Tiger MOth

Magnificent seven cross finish line

The Vintage Air Rally is over. Twelve started. Seven finished.

The successful flyers in their vintage 1930s-era biplanes crossed the finish line in Stellenbosch, about 50 kilometres (30 miles) east of Cape Town midday Friday, South African time.

Pedro Langdon, the never-say-die Canadian, made it, and in one piece, too.

Maurice Kirk, the eccentric Pom, was not so lucky.

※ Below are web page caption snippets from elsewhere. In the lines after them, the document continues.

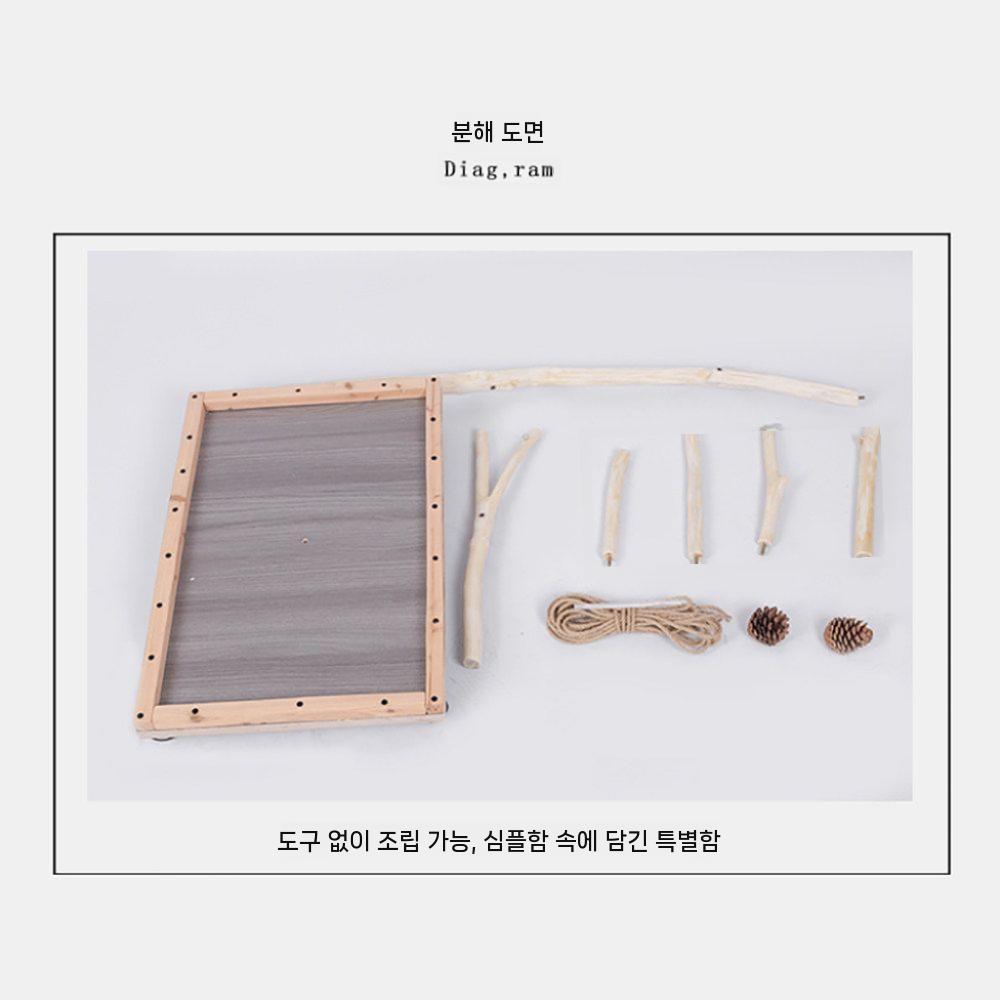 앵무새 스탠드 횟대 놀이터 나무 거치대 그네 로프 70cm 이미지 6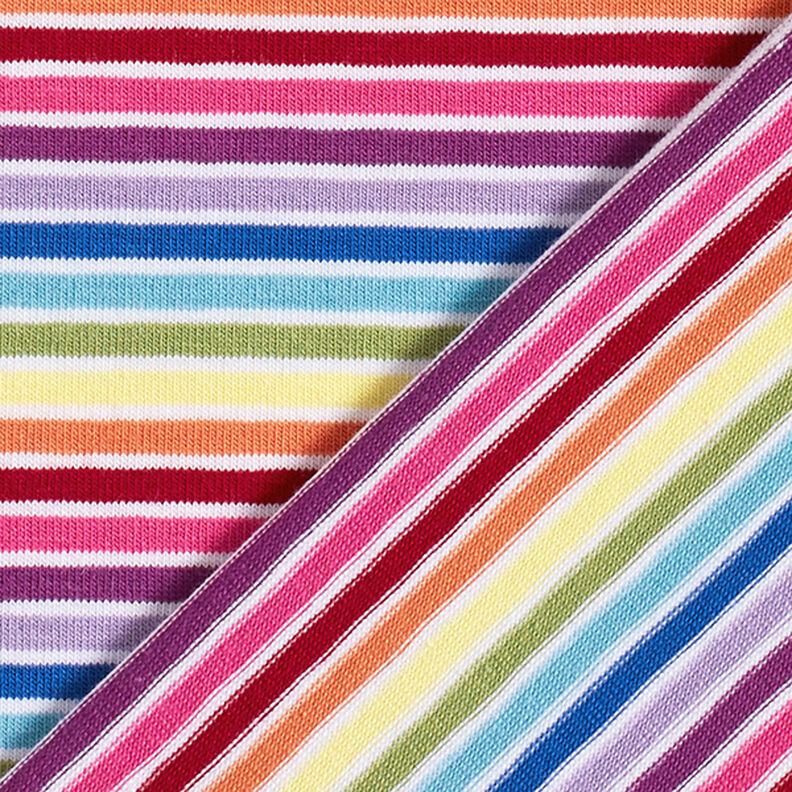 Tela de jersey de algodón Anillos arcoiris – blanco/mezcla de colores,  image number 4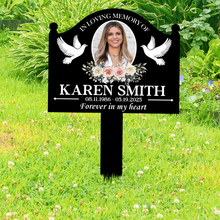 Load image into Gallery viewer, Personalized Metal Garden Stake Photo Tribute Sympathy Gift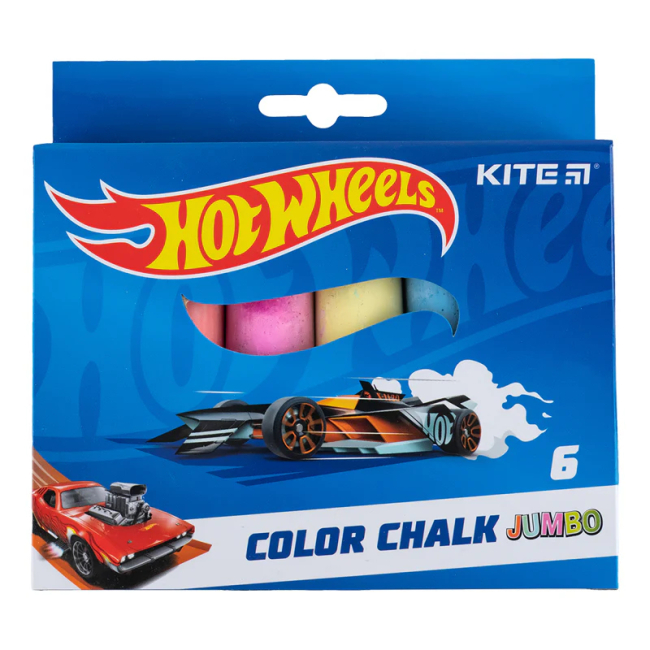 Канцтовары - Мел Kite Jumbo Hot Wheels разноцветный 6 штук (HW24-073)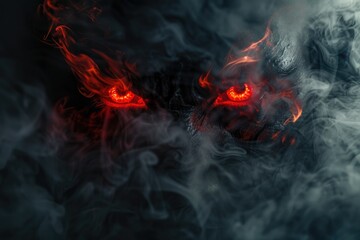 Fototapeta premium fiery red eyes appeared from the darkness. spooky foggy background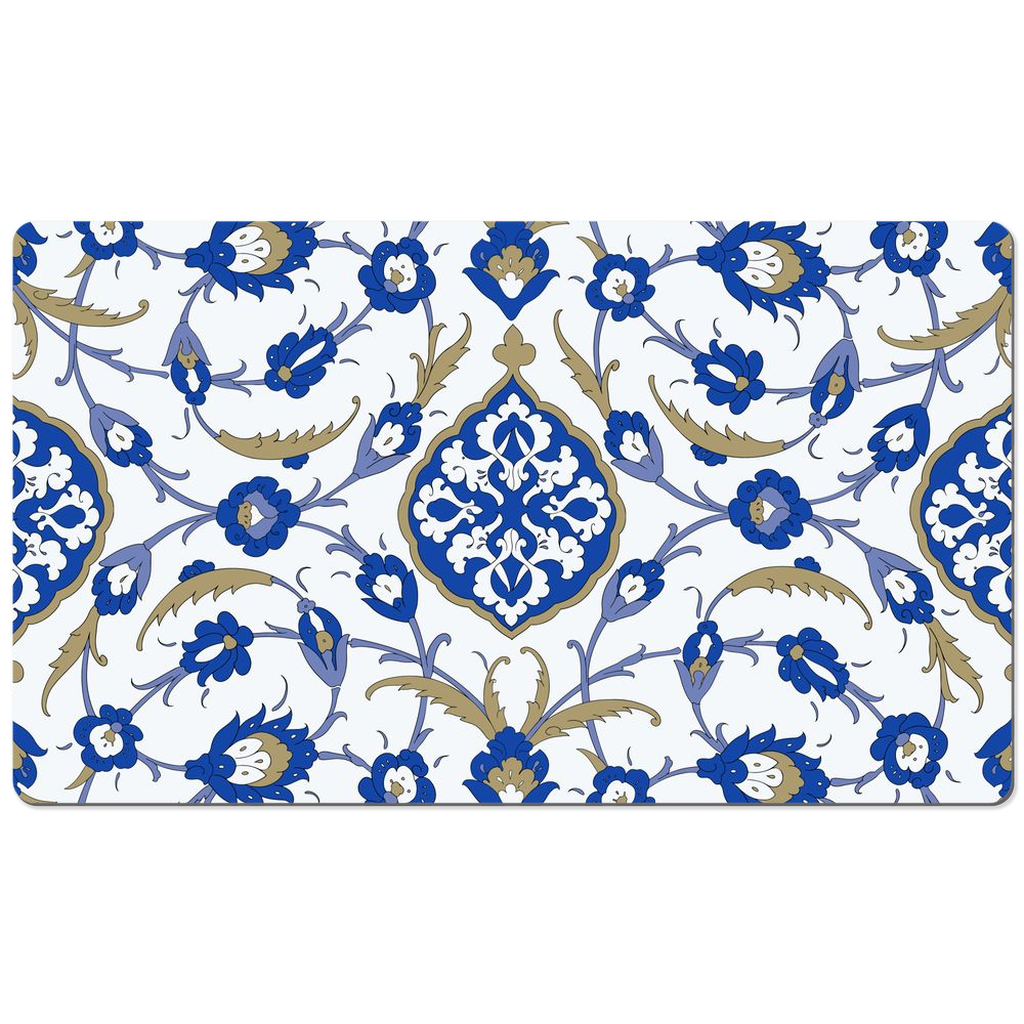 Sofia II Ottoman Desk Mat Blue & Gold Arabesque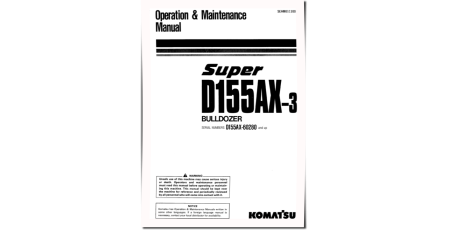 D155AX-3 (SN from 60280) Crawler Dozers (Japan) Operate and Maintenance manual (SEAM011100)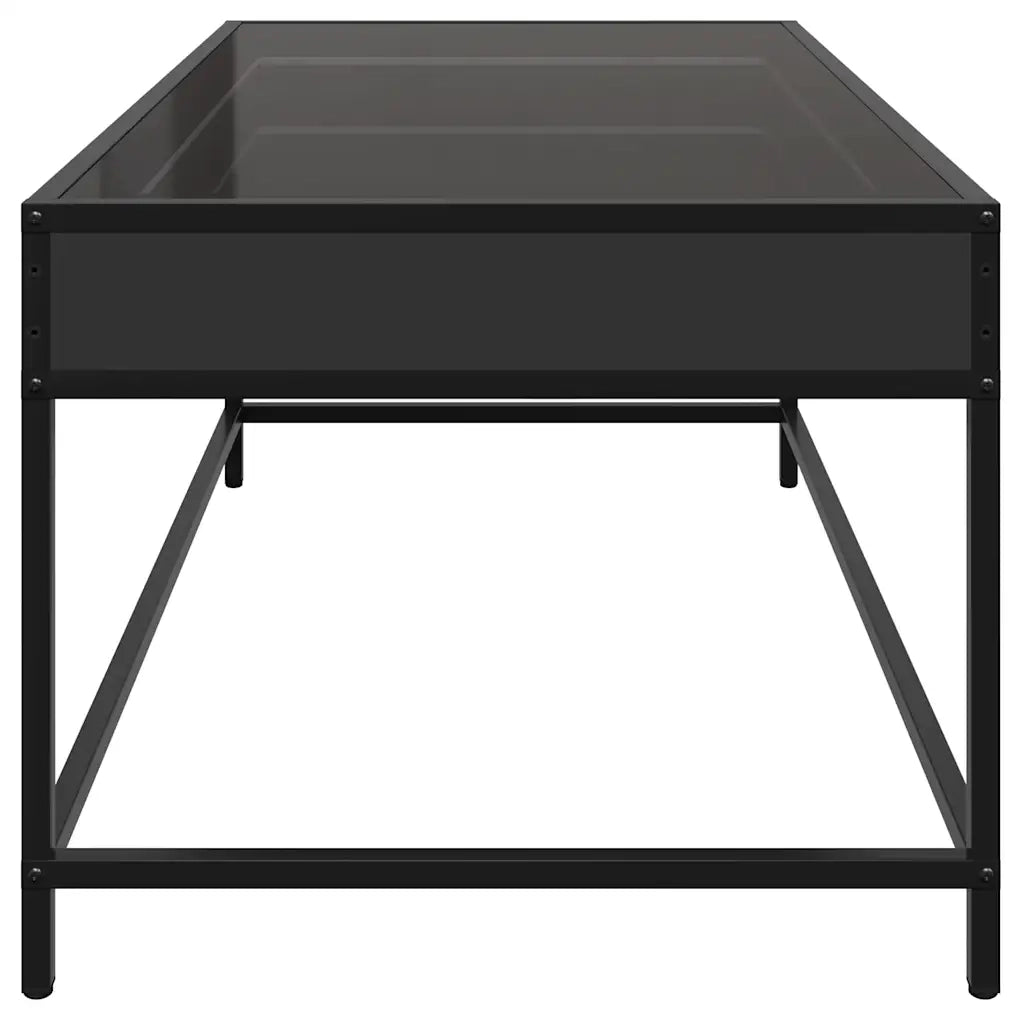 Tavolino da Salotto con LED Infinity-Tavolino da soggiorno Nero 90x50x41 cm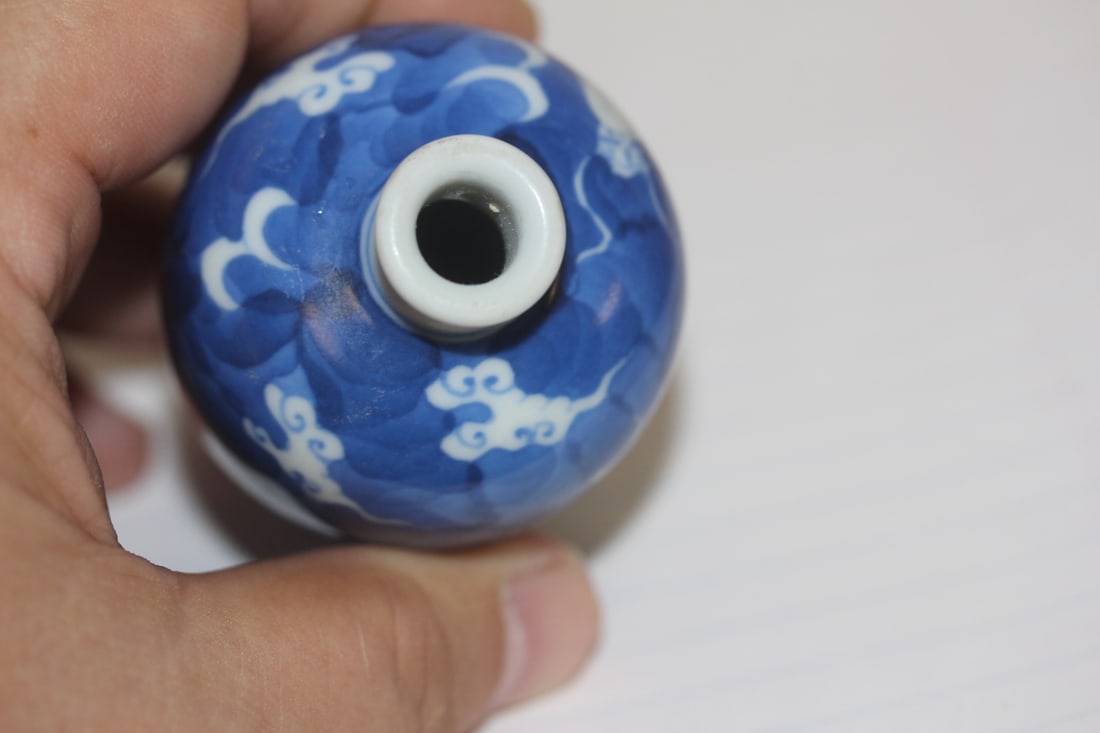 Dragon Motief Porcelain Snuff Bottle - 5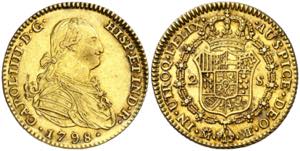 1798. Carlos IV. Madrid. MF. 2 escudos. (AC. ... 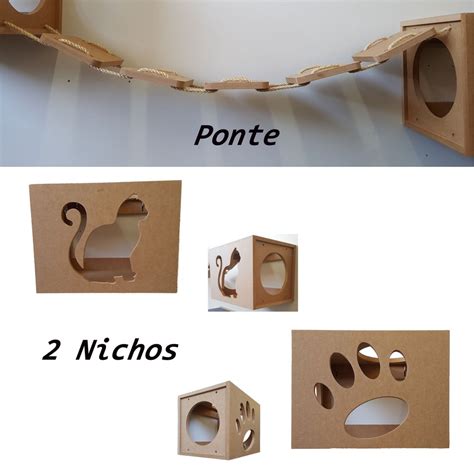 Kit Nicho Para Gato Pe As Nichos Ponte Para Gatos Pet Em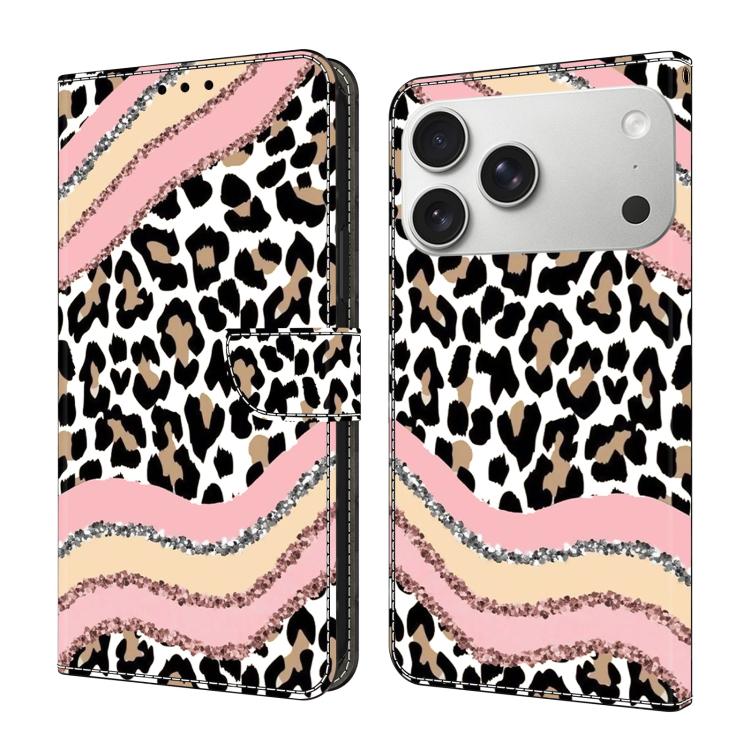 For iPhone 17 Pro Crystal-Like Painted Vegan Leather Phone Case(Stripes and Leopard)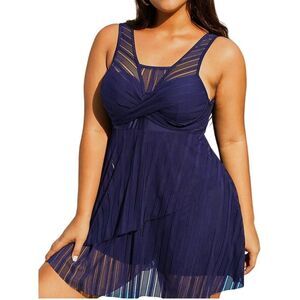 Women's Plus Size Navy Blue Sheer Tankini Top Swimsuit Size 5xl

After being detained briefly in Ethiopia, Kirk, 72, took off for Kenya but somehow made a wrong turn in midair and ended up in South Sudan instead. Not cool. On landing, Kirk was apprehended, robbed, beaten, jailed and, for his troubles, came down with malaria and sepsis.

Kirk, sadly, was not among Friday’s finishers, but he is alive.

The intitial 12 flying teams began the Vintage Air Rally trek on Nov. 12, on the Mediterranean island of Crete.

Rally participants represented numerous countries, from usual suspects like Germany, the United Kingdom and the U.S. to less usual suspects like Cyprus, Egypt, Botswana and Zimbabwe.

The motley crew of DH82 Tiger Moths, Travel Air 4000s — first manufactured in 1928 — Antonov AN2s and Boeing Stearmans tracked down the length of Africa from Cairo to Cape Town in 35 days — flying, as South Africa’s Mail & Guardian put it, somewhat uncharitably, “very slowly.”

This race was never about speed, though.

Nor was it really a race, not in the true sense of the word.

This was a flying exhibition, an air show in the purest sense of the expression — a meeting of early-20th-century derring-do and 21st-century aviation knowledge.

The idea was to recreate the famous 1930s Imperial Airways Africa Route that linked Cairo with sub-Saharan Africa and the emerging economy on the continent’s southern tip.

And while most present-day Africans can be forgiven for shrugging at a nostalgic throwback to colonial times, it was the kind of flying adventureAntoine de Saint-Exupéry dreams were made of.

A bureaucratic tangle on Ethiopia’s border with South Sudan — a “miusunderstanding” over paperwork and the required legal documentation — momentarily grounded the entire fleet, with a couple of flyers, Kirk among them, provided mandatory room-and-board as guests of local border authorities.

All in all, though, despite the occasional engine failure and “navigational misunderstandings,” the Vintage Air Rally proved a success. The flight crews who made it to the end say the memories — low-level flybys of the Egyptian pyramids, Ngorongoro Crater, Mt. Kilimanjaro, the Maasai Steppe, Zanzibar and Victoria Falls — will last a lifetime.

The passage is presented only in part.